Anyway, I did pretty well this year, gift-wise. I got a pair of jeans from my sister (which give good booty), cash from my parents (my favorite!), pajamas from Kris, and both a massage and a manicure from other assorted friends. Dave did well too, he got me a very pretty bracelet with my birthstone on it, a heart rate monitor thingy for working out, and my favorite… a TiVo! And hopefully within the next few days, we’ll figure out how the damn thing works! Dave gets major points for that, because not only did he get exactly what I asked for (the TiVo, that is), he’s also handled all of the setting up business, which probably would’ve reduced me to tears ages ago if it had been left up to me. It’s not as easy as you’d think it would be, for a company whose logo consists of a cartoon television with feet. Hmph. I’m sure I’ll love it eventually, though. (And a random aside: this story about Mimi Smartypants’ daughter’s reaction to the TiVo logo cracks me up.)
Oh, and you might recall how I was supposed to be going to Memphis tomorrow to help Kris move up here? Well, her boss changed her end date, so she couldn’t come up here exactly when we’d planned. So now I’m flying down on Thursday, February 16th. It’s still less than a month from now, so I’m not totally distraught about the date change. In fact, it gives me time to (hopefully) fix up the house a bit before she gets here. So that’s fine. But I am a little sad that I won’t be seeing her tomorrow like we’d planned last month.
Totally unrelated: Back when I got this job in late November, I took my resume down from all of the Internet job boards where I had posted it. However, I still occasionally get contacted by staffing firms who have my resume stored in their database. This is only noteworthy because I get some of the oddest job offers ever this way. Case in point: today I got an email about a 6-month contract for a job that is totally not in my area of expertise, which just happens to be located in northwest Montana. It’s tempting to write back with something like, “You want me to abandon my husband, our home & our pets and move to Montana in January? Ha! Haaaaaaa!! Are you INSANE?!?” But I’m always polite and end up saying something like, “I’m currently staffed on a contract until the end of June, and I’d really be unable to relocate after that. But thanks for considering me, and have a great day!” I’d love to write back with something totally snarky someday. Sigh, dreams…
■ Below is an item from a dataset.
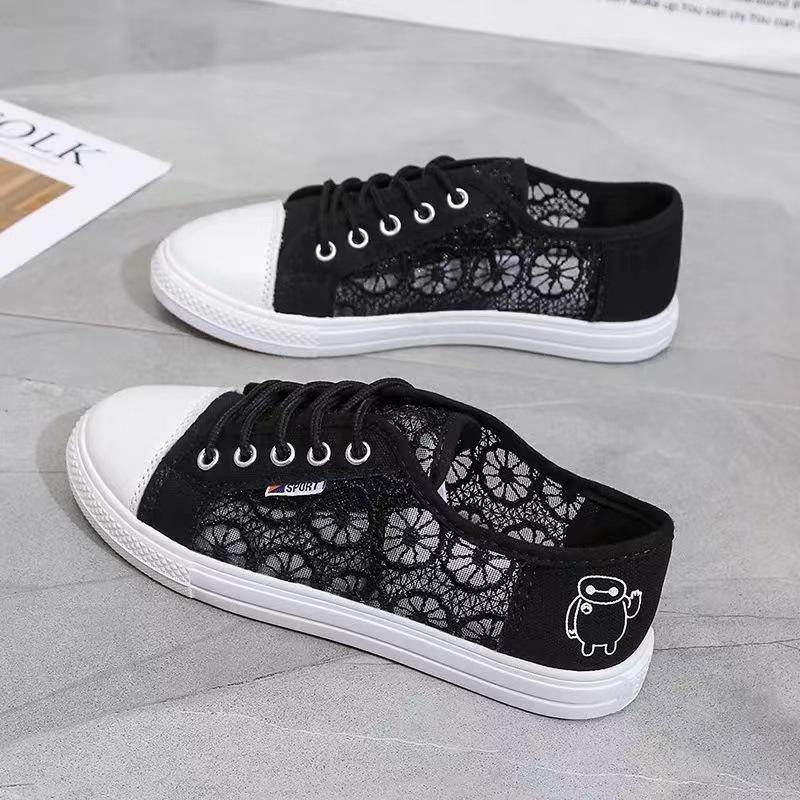 Dámské Plátěné Boty Malé Bílé Boty Krajka Prodyšné Nové Letní Studentské Síťovina Běžné Šněrovací Černé Ploché Boty Sportovní obuv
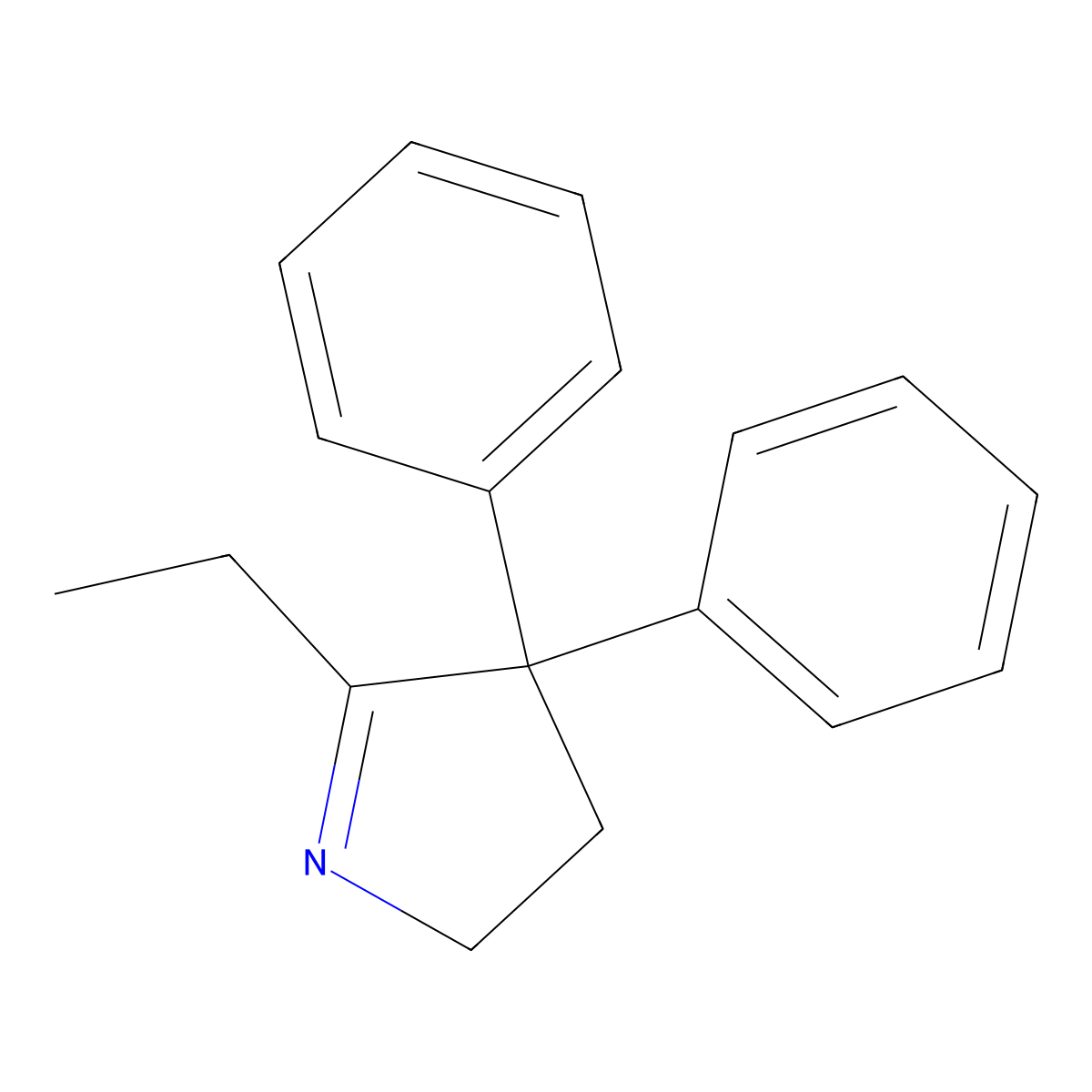 1-Pyrroline, 3,3-diphenyl-2-ethyl- molecular structure, CAS 53067-74-6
” In fact, it gives me time to (hopefully) fix up the house a bit before she gets here.” – so you’re not doing that for when I arrive in 10 days then?!!
Actually, I have a list of things to do before you get here. Dave keeps saying it doesn’t matter because you won’t care, and I keep saying that it does matter FOR THE SAKE OF MY OWN SANITY.
I have to say – Dave is right – I won’t care, but for the sake of your OCD – you go girl!!
i still say NO TO THE PERM!!!! DON’T DO IT!!!!!
love, T
I’m with Tracy! Please, please, please in the name of all that is holy, no perm. It can only end in tears.
I sort of vote for the perm. I mean, it won’t be like a 7th grade perm, right? And even if it were, you could blog about how bad it is, etc.
Happy belated birthday!
30 is not bad. I mean, unless your life already sucks, and then you get to say to yourself, “And I’m 30!” But since your life is pretty good, it should only be a “eh, I’m 30” kind of deal. It holds a special novelty power.
I found that 31 was more traumatic since it indicated that I was in my 30s, not just plain old 30.